I have cluster having following configuration
Number of nodes - 6 , Machine - M3.2xlarge, Number of cores per Nodes - 8, Memory per nodes -30 GB,
I am running spark application on it which is reading data from HDFS and sending to SNS/SQS.
I am using following command to run this job
spark-submit --class com.message.processor.HDFSMessageReader --master
yarn-client --num-executors 17 --executor-cores 30 --executor-memory 6G
/home/hadoop/panther-0.0.1-SNAPSHOT-jar-with-dependencies.jar
/user/data/jsonData/* arn:aws:sns:us-east-1:618673372431:pantherSNS https://sns.us-east-1.amazonaws.com true
Here I am keeping number of executors to max and varying number of executors cores , following are the result that I have got --
Here I have refereed blog given by Cloudera to calculate number of Executors and Executors memory .

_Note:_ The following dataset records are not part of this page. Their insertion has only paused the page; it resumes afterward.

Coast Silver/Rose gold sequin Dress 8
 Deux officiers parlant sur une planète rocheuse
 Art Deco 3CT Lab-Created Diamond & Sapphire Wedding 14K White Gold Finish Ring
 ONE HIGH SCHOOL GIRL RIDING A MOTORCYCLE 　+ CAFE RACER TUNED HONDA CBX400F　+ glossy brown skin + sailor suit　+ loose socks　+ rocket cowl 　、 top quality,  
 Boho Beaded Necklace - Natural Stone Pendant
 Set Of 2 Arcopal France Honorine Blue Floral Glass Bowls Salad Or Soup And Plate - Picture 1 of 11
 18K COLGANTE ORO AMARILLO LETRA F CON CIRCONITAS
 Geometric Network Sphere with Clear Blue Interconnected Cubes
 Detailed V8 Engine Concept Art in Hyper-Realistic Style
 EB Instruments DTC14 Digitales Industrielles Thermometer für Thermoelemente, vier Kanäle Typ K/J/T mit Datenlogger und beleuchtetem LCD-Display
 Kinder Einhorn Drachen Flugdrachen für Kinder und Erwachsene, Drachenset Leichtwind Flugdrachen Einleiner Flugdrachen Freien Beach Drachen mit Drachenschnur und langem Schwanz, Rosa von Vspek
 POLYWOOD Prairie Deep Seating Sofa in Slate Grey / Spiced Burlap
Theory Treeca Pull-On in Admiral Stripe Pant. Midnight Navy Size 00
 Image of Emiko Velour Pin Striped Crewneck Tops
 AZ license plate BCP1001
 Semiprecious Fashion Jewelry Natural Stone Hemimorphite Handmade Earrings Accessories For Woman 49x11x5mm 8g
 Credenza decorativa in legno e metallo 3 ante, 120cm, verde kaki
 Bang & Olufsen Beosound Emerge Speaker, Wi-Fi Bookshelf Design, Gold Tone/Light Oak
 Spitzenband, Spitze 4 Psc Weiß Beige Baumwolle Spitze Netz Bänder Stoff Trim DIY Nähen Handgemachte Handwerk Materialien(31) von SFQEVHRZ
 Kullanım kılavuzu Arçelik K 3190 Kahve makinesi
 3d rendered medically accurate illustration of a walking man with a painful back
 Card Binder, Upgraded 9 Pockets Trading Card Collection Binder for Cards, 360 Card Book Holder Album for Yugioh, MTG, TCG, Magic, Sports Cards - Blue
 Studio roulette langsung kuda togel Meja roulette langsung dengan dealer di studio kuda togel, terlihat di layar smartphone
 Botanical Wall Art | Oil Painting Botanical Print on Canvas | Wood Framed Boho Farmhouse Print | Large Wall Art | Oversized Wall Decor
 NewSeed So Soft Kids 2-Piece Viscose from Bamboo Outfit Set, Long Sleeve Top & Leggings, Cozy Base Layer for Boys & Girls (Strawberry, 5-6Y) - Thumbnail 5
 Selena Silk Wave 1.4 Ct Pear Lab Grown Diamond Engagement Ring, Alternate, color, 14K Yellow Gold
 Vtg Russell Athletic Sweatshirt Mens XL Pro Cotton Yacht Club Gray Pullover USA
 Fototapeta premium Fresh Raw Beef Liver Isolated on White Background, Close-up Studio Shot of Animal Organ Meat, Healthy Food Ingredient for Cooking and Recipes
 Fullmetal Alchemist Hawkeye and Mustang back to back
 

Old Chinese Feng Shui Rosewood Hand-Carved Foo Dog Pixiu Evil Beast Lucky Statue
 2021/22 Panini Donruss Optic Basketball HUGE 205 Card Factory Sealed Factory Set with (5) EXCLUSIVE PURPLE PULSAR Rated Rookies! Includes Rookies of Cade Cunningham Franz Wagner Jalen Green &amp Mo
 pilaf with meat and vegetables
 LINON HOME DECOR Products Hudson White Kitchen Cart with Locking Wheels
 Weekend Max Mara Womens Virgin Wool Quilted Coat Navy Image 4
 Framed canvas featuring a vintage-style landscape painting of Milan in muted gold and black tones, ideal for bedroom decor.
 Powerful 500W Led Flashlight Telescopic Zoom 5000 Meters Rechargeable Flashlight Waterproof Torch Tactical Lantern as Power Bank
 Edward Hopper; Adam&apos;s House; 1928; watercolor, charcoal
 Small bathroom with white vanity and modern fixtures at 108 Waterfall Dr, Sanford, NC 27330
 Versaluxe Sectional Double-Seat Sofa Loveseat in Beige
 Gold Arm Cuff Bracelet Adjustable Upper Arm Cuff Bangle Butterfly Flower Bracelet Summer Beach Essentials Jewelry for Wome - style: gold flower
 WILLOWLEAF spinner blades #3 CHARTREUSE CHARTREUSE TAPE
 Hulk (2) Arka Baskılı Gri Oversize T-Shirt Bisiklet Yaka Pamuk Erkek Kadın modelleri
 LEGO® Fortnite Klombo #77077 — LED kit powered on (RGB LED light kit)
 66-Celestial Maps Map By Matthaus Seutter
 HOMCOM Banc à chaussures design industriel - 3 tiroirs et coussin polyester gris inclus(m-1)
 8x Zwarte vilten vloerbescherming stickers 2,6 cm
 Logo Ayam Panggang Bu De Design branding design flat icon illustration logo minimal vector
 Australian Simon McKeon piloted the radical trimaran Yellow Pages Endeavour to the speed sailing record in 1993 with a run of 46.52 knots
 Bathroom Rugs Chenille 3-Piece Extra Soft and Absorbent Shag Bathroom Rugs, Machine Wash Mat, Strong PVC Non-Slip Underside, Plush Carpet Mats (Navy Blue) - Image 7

Scenario 1 -- --number of Executors = 17, --number of Executors cores = 3
Result -- Total message send to SQS via SNS = 1.2 Million
Scenario 2-- --number of Executors = 17, --number of Executors cores = 10
Result -- Total message send to SQS via SNS = 4.4 Million
Scenario 3-- --number of Executors = 17, --number of Executors cores = 20
Result -- Total message send to SQS via SNS = 8.5 Million
Scenario 4-- --number of Executors = 17, --number of Executors cores = 30
Result -- Total message send to SQS via SNS = 12.7 Million
How to explain this result?
Could you please let me know how application performance getting increased by increasing the number of executors core ?